Share your dilemmas and get honest opinions from other Mumsnetters.

Poor Kids

559 replies

NearlySpring · 07/06/2011 23:08

Documentary on BBC1 now.

Sat here in tears watching this show following children living in poverty.

One woman, with 3 young girls all under 8. Her partner left her alone and she is struggling with money. The girls were given a sausage roll each for dinner. They are let out to play on a building site and derelict houses- where the he'll is the mother? Mother comes on saying how she can't cope financially- kids saying they have to miss meals as mummy can't always afford food.
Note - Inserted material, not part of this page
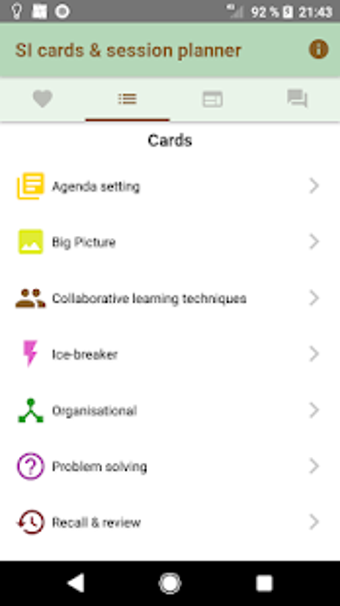 Image 3 for SI Cards and Session Plan…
Next scene, mother has acrylic nails and a massive dog!

AIBU to ask if she can't afford to feed her kids basic cheap meals how the he'll does she feed a massive dog that is bigger than her 3 kids put together!

It must be terrible to be in that situation but surely you get your priorities straight. Who has a pet if they have no money?!!

OP posts:
uselesscamhs · 08/06/2011 12:58

wordfactory seems like a fundamental design flaw? that no amount of re-decorating, furnishings, plants etc would solve. I just feel for the hundreds of other men, women and children still living in those dreadful blocks.
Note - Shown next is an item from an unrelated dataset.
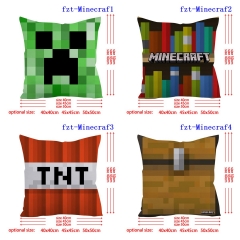 2 Sizes 6 Styles Minecraft Cartoon Square Anime Pillow Case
Thingumy · 08/06/2011 12:59

I wouldn't want to be without a washing machine if I had 3 kids and nowhere to dry the clothes or hardly any heating to dry.

social fund here

wordfactory · 08/06/2011 13:02

useless ...definitely a design flaw. I cannot believe how it has taken so long to pull those blocks down.

zukiecat · 08/06/2011 13:03

This reply has been deleted

Message withdrawn at poster's request.

Thingumy · 08/06/2011 13:04

I think offers of help are kind but surely a service like Homestart would be really beneficial,to help cook or clean or just give the parents a ear to listen to.

I noticed that sam's garden was huge,they could grew their own veg there and help the pennies that way.

Fifis25StottieCakes · 08/06/2011 13:05

You can apply for a community care grant to cover removal costs and furniture. I would imagine after being on this programme they will get one due to the publicity. Social funds for budgeting loans which are interest free. A community care grant does not have to be paid back.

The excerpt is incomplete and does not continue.